From eafb1a51250b5f086a47e6fc31021068514f9bbd Mon Sep 17 00:00:00 2001
From: Kerry Vance <vancek@pelican04.eecs.oregonstate.edu>
Date: Sun, 31 Jan 2021 15:10:48 -0800
Subject: [PATCH] Extra functionality

---
 start_kit/preprocess.py       | 182 ++++++++++++-----------
 start_kit/scripts/swf2mp4.sh  |   2 +-
 start_kit/video_downloader.py | 262 ++++++++++++++++------------------
 3 files changed, 224 insertions(+), 222 deletions(-)
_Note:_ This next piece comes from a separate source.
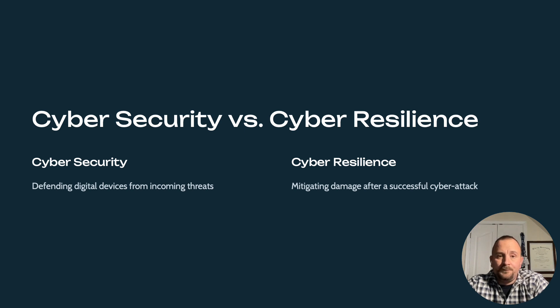Why do both matter? The reality of today's digital landscape is we need both. Cybersecurity provides the essential protective measures, while cyber resilience ensures business survival when those measures face challenges. Think of it this way: cybersecurity asks, how do we prevent attacks? While cyber resilience asks, how do we continue to operate regardless of the attack?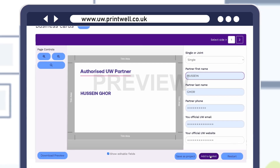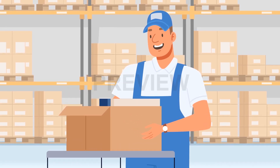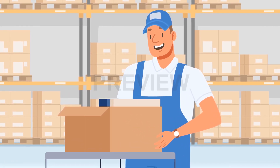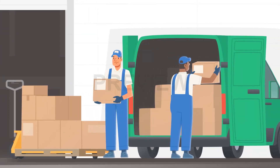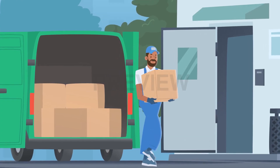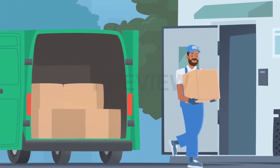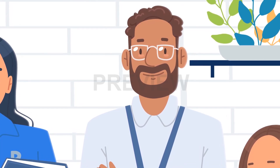Submit your order with just a few clicks. Our efficient order processing and picking system guarantees your materials are packed and shipped to your network. Printwell's print fulfilment service saves you time and hassle. We handle everything from production to warehousing, packaging and shipping. Experience convenience, scalability and expertise with Printwell.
diff --git a/start_kit/preprocess.py b/start_kit/preprocess.py
index 83b98f83c7..84820e2bd3 100644
--- a/start_kit/preprocess.py
+++ b/start_kit/preprocess.py
@@ -3,15 +3,29 @@
 # 2. Extract YouTube frames and create video instances.
 
 import os
+import sys
+import glob
 import json
 import cv2
-
 import shutil
+import re
+
+import logging
+logging.basicConfig(
+    filename="preProc.log",
+    filemode='w',
+    level=logging.DEBUG
+)
+logging.getLogger().addHandler(logging.StreamHandler(sys.stdout))
+
 
-def convert_everything_to_mp4():
-    cmd = 'bash scripts/swf2mp4.sh'
+def convert_frames_to_video(frame_array, path_out, size, fps=25):
+    out = cv2.VideoWriter(path_out, cv2.VideoWriter_fourcc(*'mp4v'), fps, size)
 
-    os.system(cmd)
+    for i in range(len(frame_array)):
+        # writing to a image array
+        out.write(frame_array[i])
+    out.release()
 
 
 def video_to_frames(video_path, size=None):
@@ -20,13 +34,14 @@ def video_to_frames(video_path, size=None):
     size -> (int, int), width, height.
     """
 
+    print(f"video_path: {video_path} size: {size}")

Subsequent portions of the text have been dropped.